Degree
Master of Science in Finance
Department
Department of Finance
School
School of Business Studies (SBS)
Date of Submission
Spring 2026
Supervisor
Dr. Sana Tauseef, Associate Professor and Director QEC, Institute of Business Administration (IBA), Karachi
Project Type
Thesis
Document Type
Restricted Access
Pages
xi, 88
Keywords
ESG premium, environmental, social, governance, Shariah-compliant stocks, Fama French five-factor model, portfolio mispricing, U.S. equity market
Abstract
Purpose: This purpose of this paper is to investigate whether ESG and its individual pillar (environmental, social and governance) stock premia (low minus high) exist in Shariah-compliant and conventional U.S. equity market, how the magnitude and direction of these premia differ across the two universes, and how ESG pricing has evolved in both universes, particularly after 2018 when ESG integration accelerated in global markets.
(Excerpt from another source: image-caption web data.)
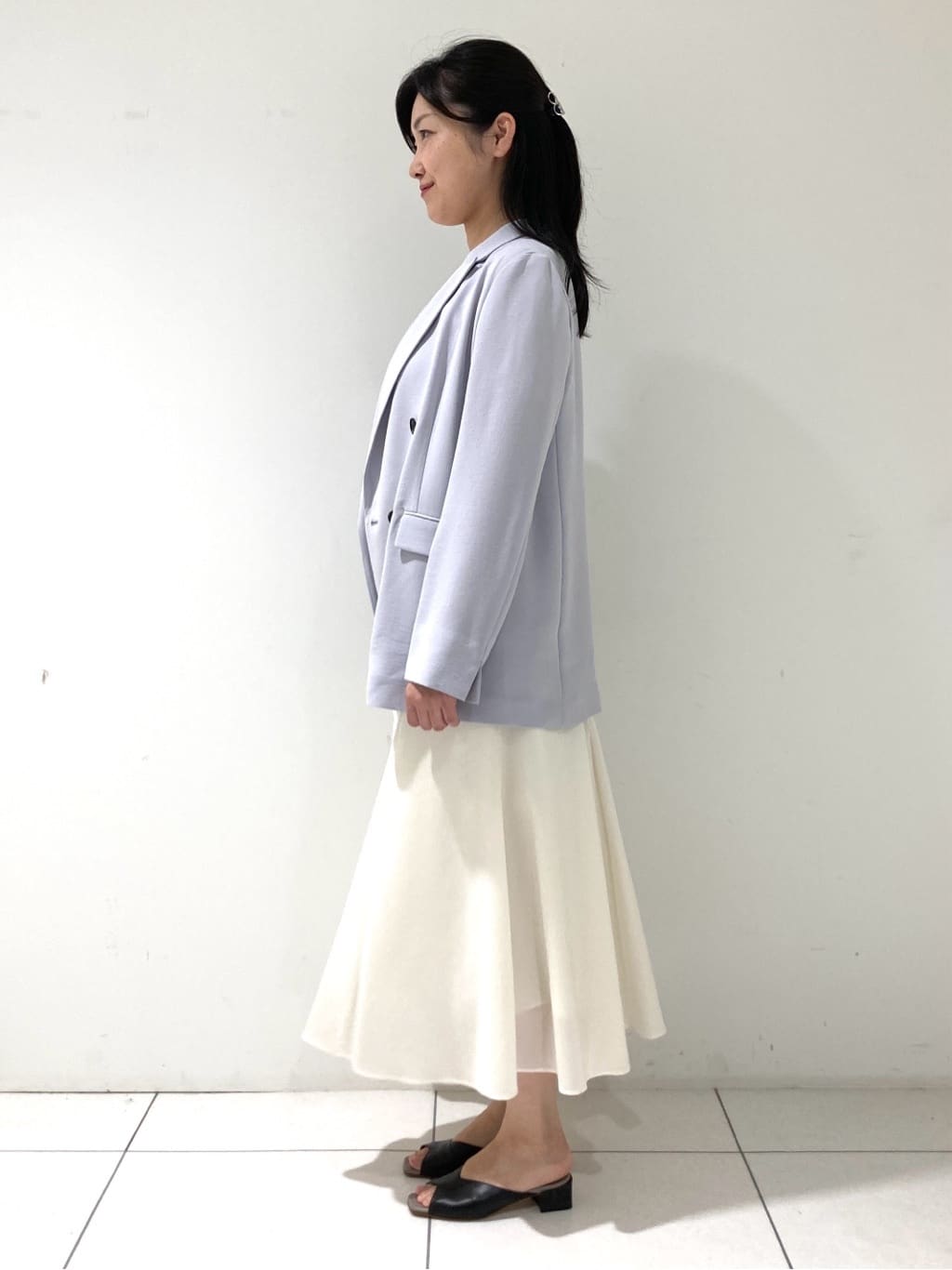 momokoさんの「INDIVI｜【着る日傘／遮熱／UVケア】ダブルジャケット」を使ったコーディネート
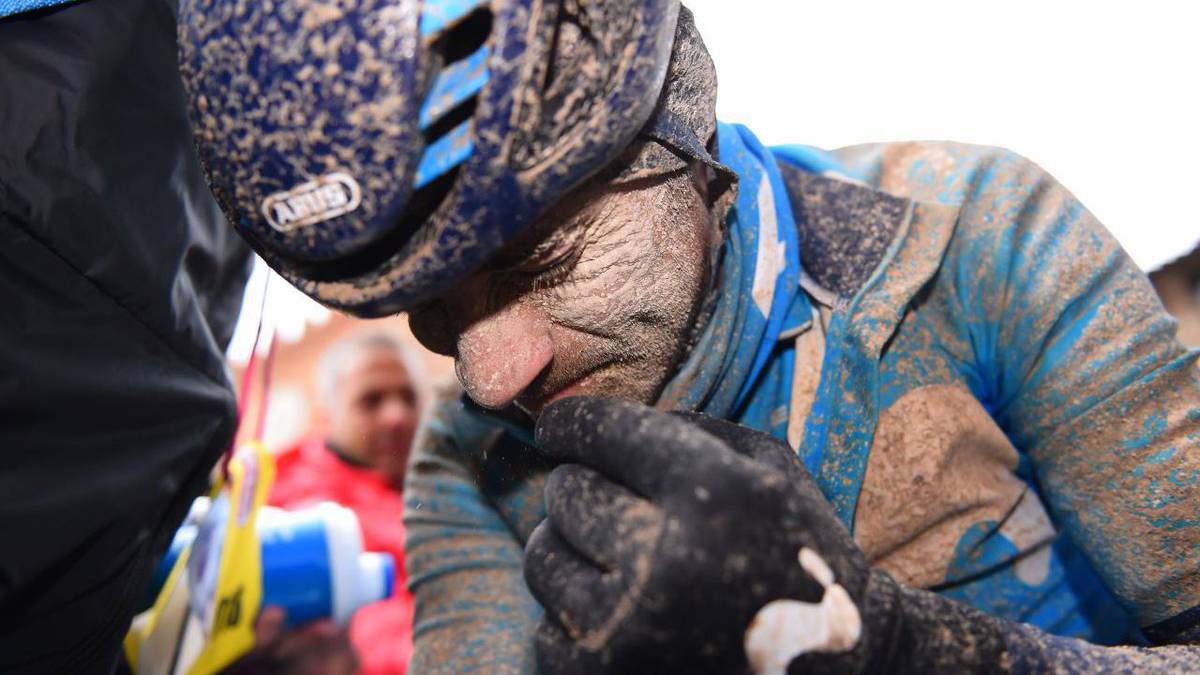 Alejandro Valverde, cubierto de barro en la meta de la Strade Bianche 2018.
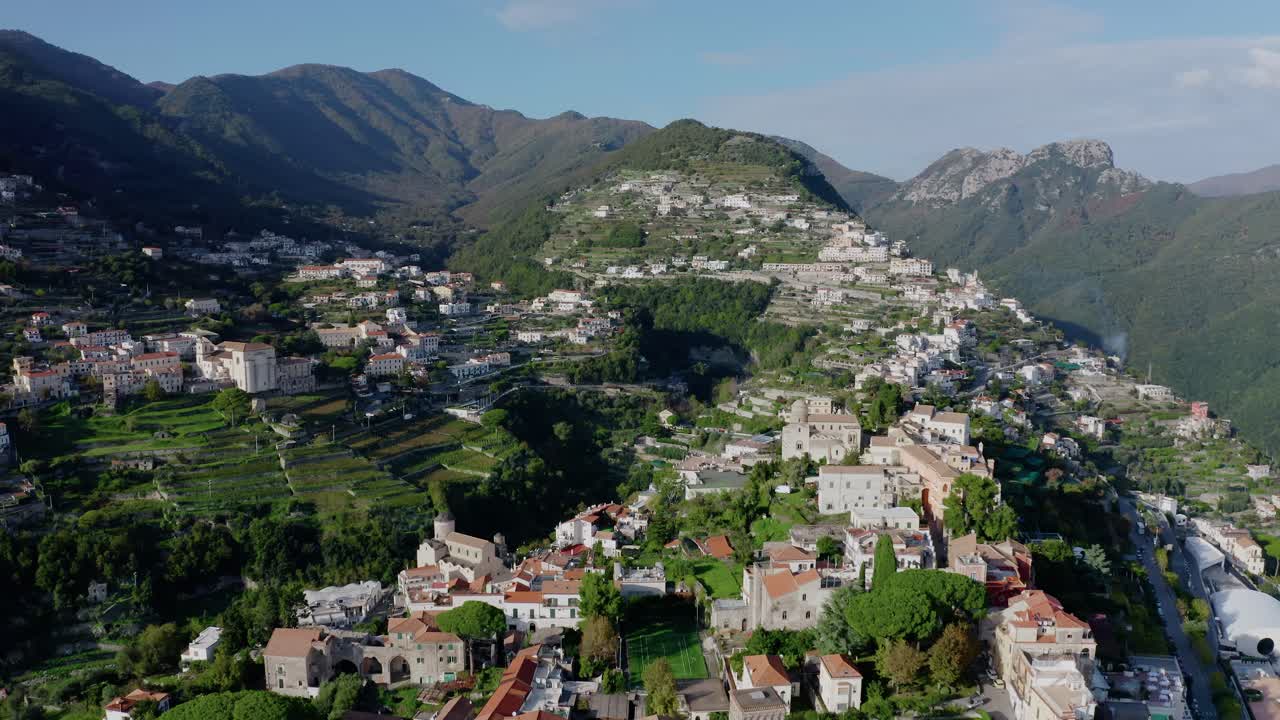 Veduta aerea della città di Ravello e delle colline terrazzate sulla Costiera Amalfitana, Italia.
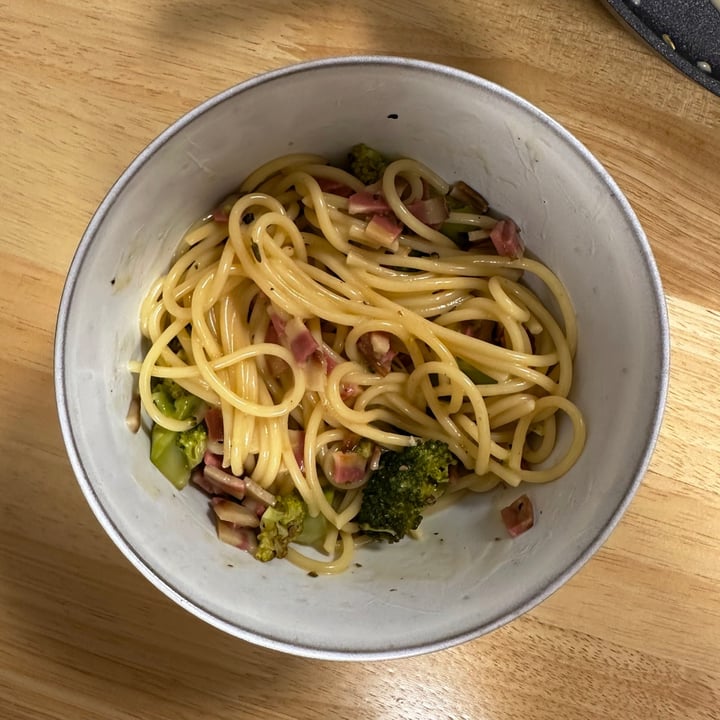 photo of Plant Kitchen (M&S) No Pork Streaky Bacon shared by @dafnelately on  10 May 2023 - review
Methodology: This paper develops value-weighted one- and two-dimensional portfolios for both Shariah-compliant and conventional universes based on ESG scores and firm characteristics (size, book-to- market, beta, and illiquidity) using U.S stocks over the period 2011-2024. Portfolio excess returns are regressed on the Fama-French (2015) 5-factor (FF5) model, and ESG premiums are measured as low-minus-high ESG quartile spreads. The sub-sample analysis for the same portfolios is also conducted for 2011-2017 and 2018-2024 periods to assess temporal shifts and robustness of the results.
Findings/Results: Both Shariah-compliant and conventional portfolios exhibit significant ESG premiums over the entire period, with low-ESG portfolios outperforming high-ESG portfolios. Governance is the most consistent driver of returns within Shariah-compliant portfolios, while environmental and social factors dominate in conventional firms. ESG effects are concentrated in specific firm characteristics, notably in low-beta and growth- or value-oriented firms across both universes, with particularly strong premiums among big Shariah-compliant firms. In contrast, illiquiditysorted portfolios consistently show weak or insignificant results. Sub-sample results show that ESG pricing strengthens 2018 onwards, with higher explanatory power of the FF5 model and more frequent significant alphas.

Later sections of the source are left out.